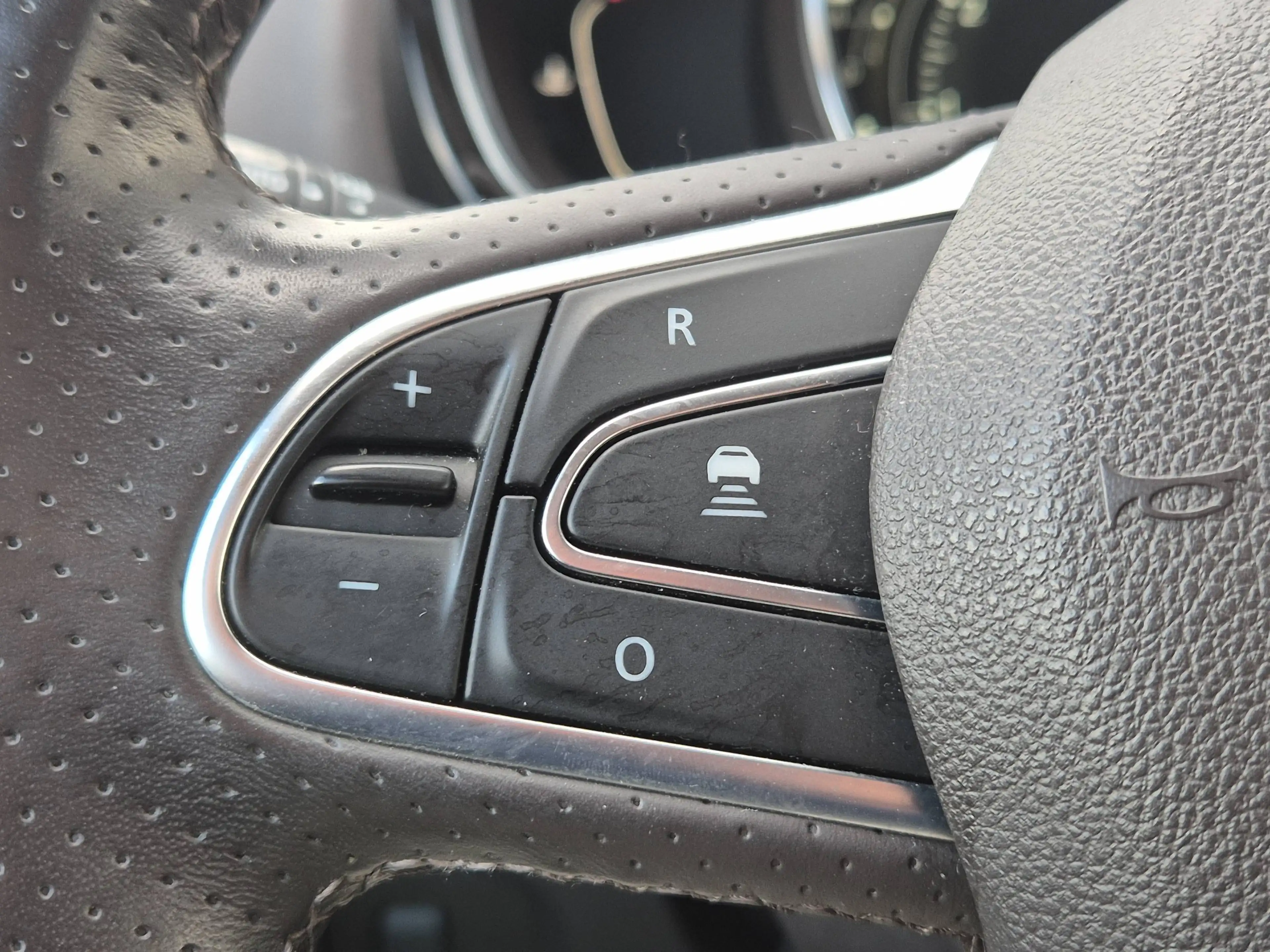Renault Espace Espace 1.6 TCe Energy Initiale Paris EDC — photo 9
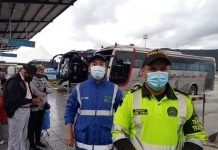Policía realiza controles especiales de seguridad de pasajeros tras reactivación de terminales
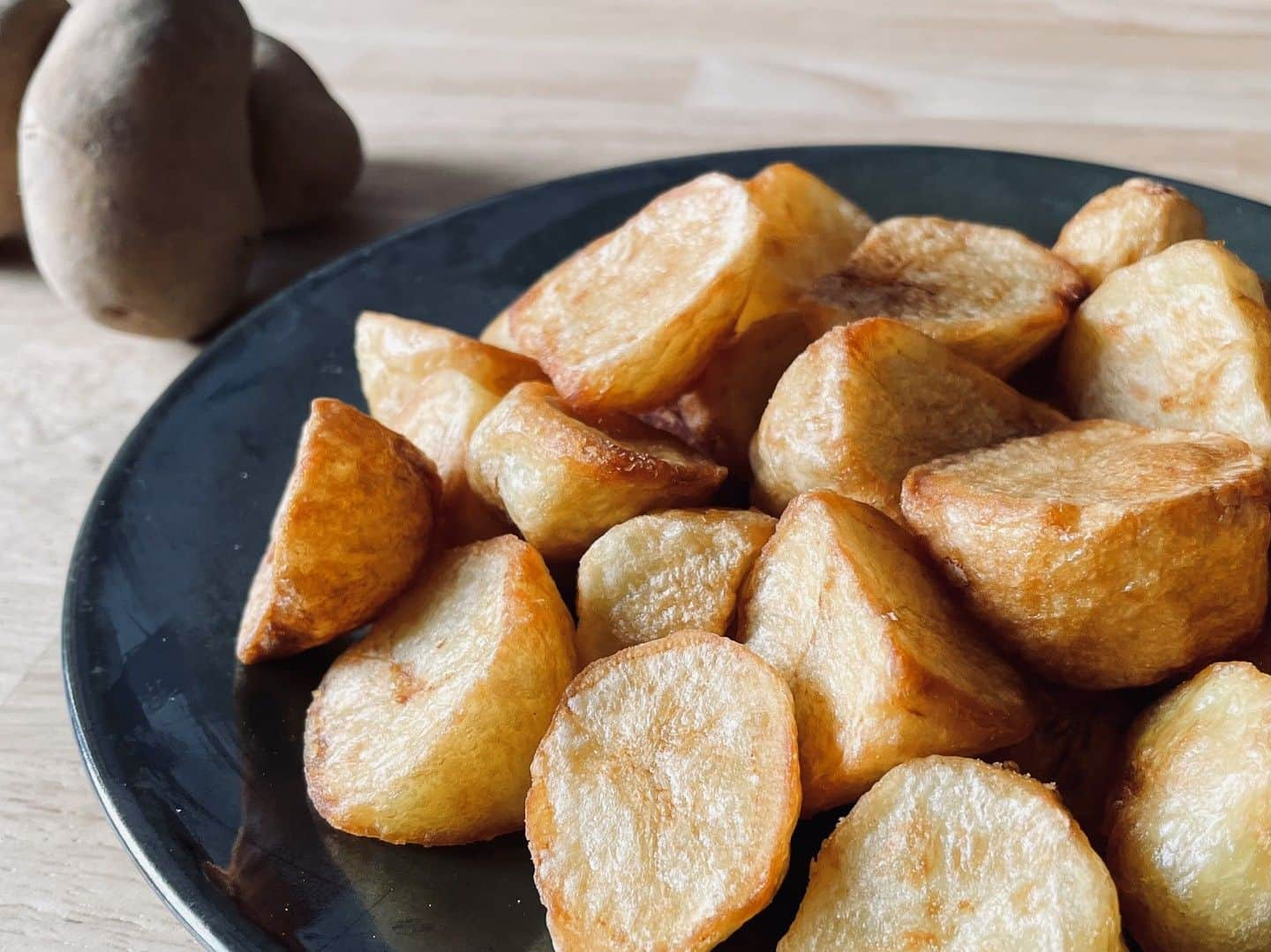 KitchHikeのインスタグラム：「.  ／ 　親子で楽しめる！ ”越冬メークイン”で 🥔 　主役級フライドポテトづくりに挑戦🍟 ＼  ”メークイン発祥の地” 北海道厚沢部町。 雪室貯蔵で、糖度ともっちり食感を極限まで 引き出した”雪の魔法”の越冬メークインで おいしいフライドポテトを作りましょう🍟  子どもから大人まで、お好みのシーズニングを 持ち寄って、食べ比べを楽しみませんか😆？  ▼イベント詳細はプロフィールURL からチェック @kitchhike  本イベントの魅力をご紹介します✨  ＼厚沢部町イベント3つの魅力／  【その1】 メークイン🥔たっぷり3kgお届け！ ---------------------------- 今季最後の”越冬雪の下メークイン”を たっぷり3kgお届けします🚌💨 雪の温度と湿度によって、甘くもっちり しっとりとした食感になります😍 涼しい場所で保管すれば約3週間程度保存が可能！ いろんな料理にお使いくださいね。  【その2】 失敗しないフライドポテト🍟の作り方 ---------------------------- 厚沢部町の食担当こと協力隊の中村和恵さんに、 失敗しないフライドポテトレシピを教わります🙋‍♀️ 材料はメークインと塩と油のみ。 素材の甘さを存分に味わった後は、 お好きなシーズニングで”味変”を楽しみましょう！  【その3】 厚沢部町で活躍中のゲストさんご登場🙋‍♀️ ---------------------------- “厚沢部町の食材のおいしさを発信する”  をテーマに活動中の中村和恵さんをはじめ、 手作業と土づくりにこだわり抜く 「道南いたさか農園」の板坂峰行さんに 愛情とこだわりがつまったメークイン栽培や 厚沢部町の魅力について伺います😊  ▼ご予約はプロフィールURL からチェック @kitchhike  -------------------------------- 「ふるさと食体験」開催日時 2023年3月12日(日) 11:00〜12:30 申込締切：3月6日(月) 参加費：2,500円→1,500円  ＼クーポンプレゼント企画実施中！／ もっと食を通じて地域と繋がって欲しい。 そんな想いからクーポンをご用意しました。 はじめてさんもリピーターさんも 【1000円OFF！】ぜひご利用ください🎁 詳しくはプロフィールURLからご覧いただける イベントページをご確認くださいね🙌 --------------------------------  #キッチハイク #ふるさと食体験 #地域創生 #地方創生 #北海道厚沢部町 #じゃがいも #メークイン #越冬メークイン #フライドポテト #おうち時間 #おうちカフェ #料理 #移住 #オンラインイベント #特産品 #食文化」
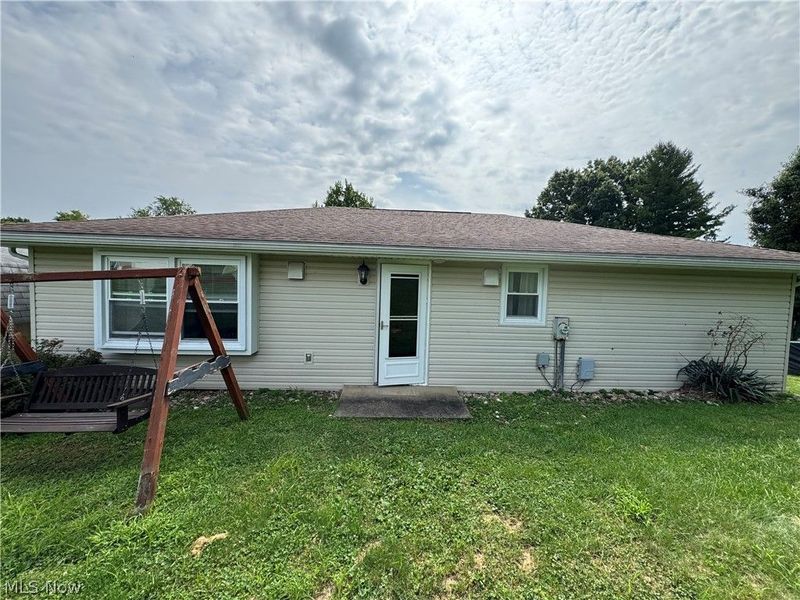 110 LOCUST Drive, Barnesville, OH 43713 Photo 5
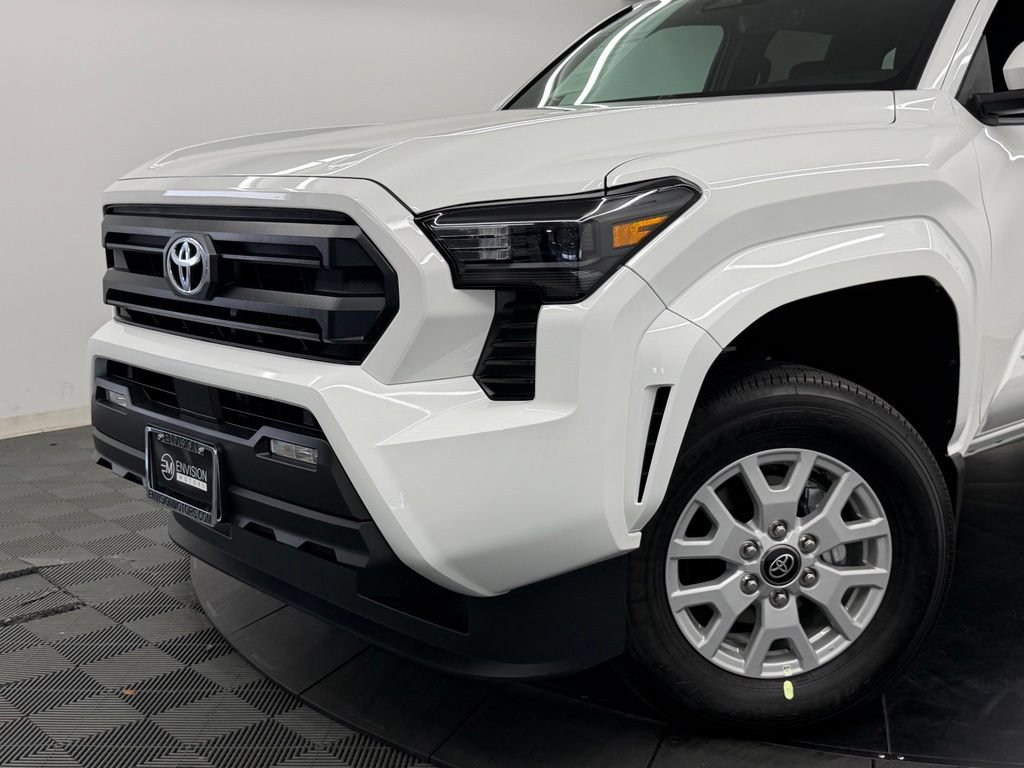Used 2026 Toyota Tacoma SR5 AWD/4WD image 4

§ **Task objective**:
Without including any picture, write out the material above verbatim.

§ **Result of the task**:
Renault Espace Espace 1.6 TCe Energy Initiale Paris EDC — photo 9
Policía realiza controles especiales de seguridad de pasajeros tras reactivación de terminales
 KitchHikeのインスタグラム：「.  ／ 　親子で楽しめる！ ”越冬メークイン”で 🥔 　主役級フライドポテトづくりに挑戦🍟 ＼  ”メークイン発祥の地” 北海道厚沢部町。 雪室貯蔵で、糖度ともっちり食感を極限まで 引き出した”雪の魔法”の越冬メークインで おいしいフライドポテトを作りましょう🍟  子どもから大人まで、お好みのシーズニングを 持ち寄って、食べ比べを楽しみませんか😆？  ▼イベント詳細はプロフィールURL からチェック @kitchhike  本イベントの魅力をご紹介します✨  ＼厚沢部町イベント3つの魅力／  【その1】 メークイン🥔たっぷり3kgお届け！ ---------------------------- 今季最後の”越冬雪の下メークイン”を たっぷり3kgお届けします🚌💨 雪の温度と湿度によって、甘くもっちり しっとりとした食感になります😍 涼しい場所で保管すれば約3週間程度保存が可能！ いろんな料理にお使いくださいね。  【その2】 失敗しないフライドポテト🍟の作り方 ---------------------------- 厚沢部町の食担当こと協力隊の中村和恵さんに、 失敗しないフライドポテトレシピを教わります🙋‍♀️ 材料はメークインと塩と油のみ。 素材の甘さを存分に味わった後は、 お好きなシーズニングで”味変”を楽しみましょう！  【その3】 厚沢部町で活躍中のゲストさんご登場🙋‍♀️ ---------------------------- “厚沢部町の食材のおいしさを発信する”  をテーマに活動中の中村和恵さんをはじめ、 手作業と土づくりにこだわり抜く 「道南いたさか農園」の板坂峰行さんに 愛情とこだわりがつまったメークイン栽培や 厚沢部町の魅力について伺います😊  ▼ご予約はプロフィールURL からチェック @kitchhike  -------------------------------- 「ふるさと食体験」開催日時 2023年3月12日(日) 11:00〜12:30 申込締切：3月6日(月) 参加費：2,500円→1,500円  ＼クーポンプレゼント企画実施中！／ もっと食を通じて地域と繋がって欲しい。 そんな想いからクーポンをご用意しました。 はじめてさんもリピーターさんも 【1000円OFF！】ぜひご利用ください🎁 詳しくはプロフィールURLからご覧いただける イベントページをご確認くださいね🙌 --------------------------------  #キッチハイク #ふるさと食体験 #地域創生 #地方創生 #北海道厚沢部町 #じゃがいも #メークイン #越冬メークイン #フライドポテト #おうち時間 #おうちカフェ #料理 #移住 #オンラインイベント #特産品 #食文化」
 110 LOCUST Drive, Barnesville, OH 43713 Photo 5
Used 2026 Toyota Tacoma SR5 AWD/4WD image 4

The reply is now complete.